The following are the ones where the story gets more convoluted:

  • std::ffi::CString
  • std::ffi::OsString
  • std::os::unix::ffi::OsStringExt
  • std::os::windows::ffi::OsStringExt
  • and their borrowed representation e.g: OsStr, CStr…etc

So it seems like the last list is comprised of specialized types for special use cases, but I started to encounter these types in some very simple cases like getting the filename of a Path:

// I just want a String !    
let name = String::from(path.file_stem().unwrap().to_str().unwrap());

It seems like many functions from Path make use of OsStr instead of &str or String, making it quite cumbersome to work with, at least with my current expertise in Rust, which to be frank is quite limited !

How could I refactor some code like the one in the example above to make it more readable and have some proper error handling, and why is it necessary to have all those different types ?

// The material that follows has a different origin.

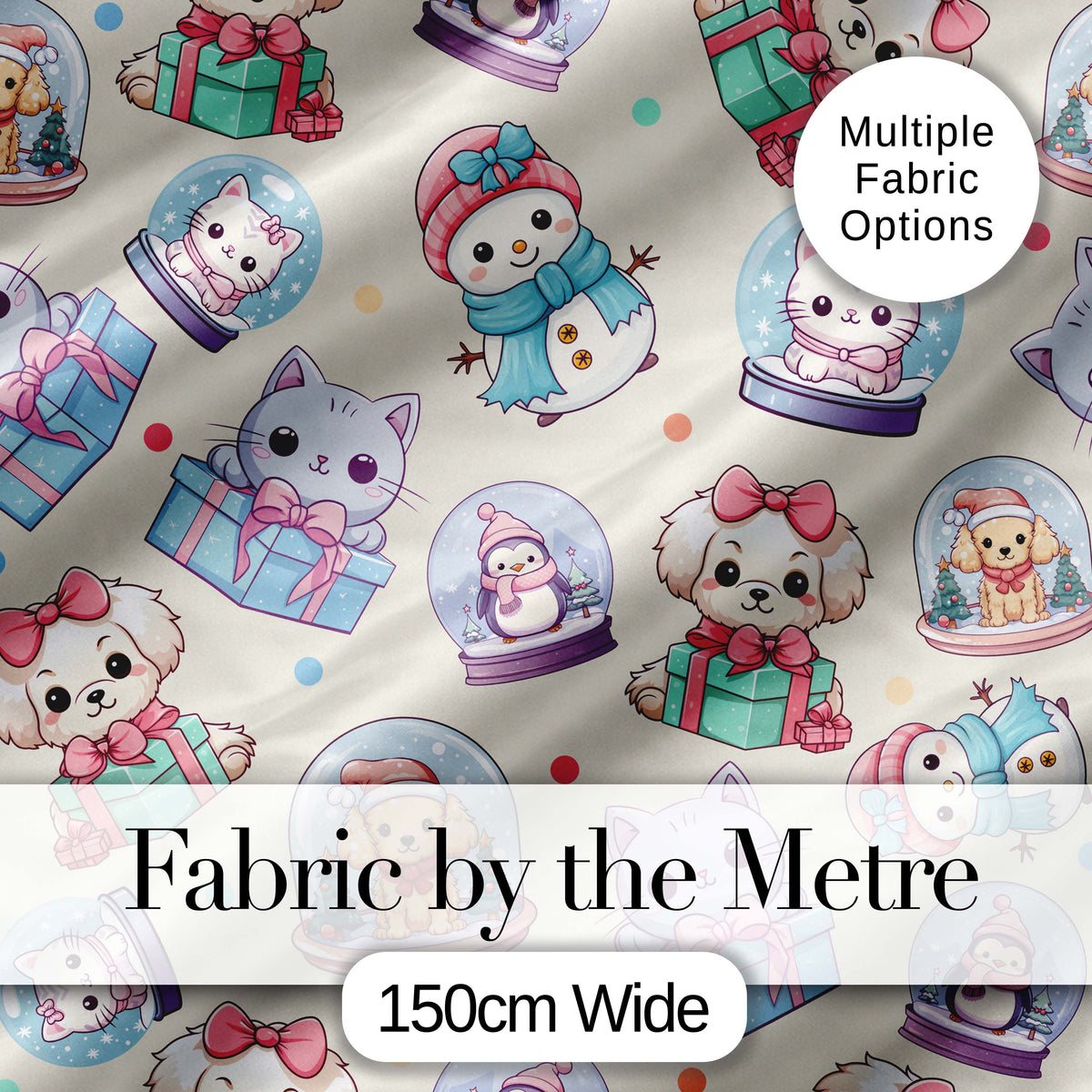 Cute Cute Kittens Puppies Snow Globes Cream Background Seamless Pattern Digital Print Fabric by the Metre UK Sewing Quilting Textile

The String and &str types hold UTF-8 strings. Filenames on most platforms are not required to be valid UTF-8, so if Rust would use the standard string types for filenames, you could not access some files, and you couldn’t even list them.

The two OsStringExtvariants are not types. They are traits with platform-specific extensions for the OsString type.

The CString type is used for interacting with C code. C strings have different guarantees than Rust strings. specifically they are nul-terminated, and don’t have any nul bytes in the interior of the string, but they are not required to be valid UTF-8.

On Unix platforms, CString and OsString could be combined into a single type, but on different platforms they need to be seperate due to incompatible requirements (e.g. on Windows, but don’t ask me about the details).


Have you read the docs on why OsStrings are needed? If so, do you have any specific questions about them?


Consider alternative. If there was a single String universal string type, it would have to be the lowest common denominator for all these usages. It would have to have undefined encoding, because encoding of filenames on unix is a bit of a mess. It would have to be NUL-terminated, because that’s what C APIs expect. Borrowing of a substring couldn’t be done without an allocation, because there has to be room insert the NUL terminator.

Some languages do that, where the one-true-string-type is actually an equivalent of Box<dyn StringInterface> or enum String {ASCII, UCS2, UCS4, Binary}.

Rust is guilty of doubling types for owned and borrowed variants. But apart from that, there simply are many different, incompatible string-like things in the OS and libraries Rust interacts with, and Rust chose to expose that instead of hiding the differences.


For a bit of history and explanation of strings in Windows (and Javascript), see WTF-8 encoding. Essentially they use a series of any 16bit values which may not be actual unicode.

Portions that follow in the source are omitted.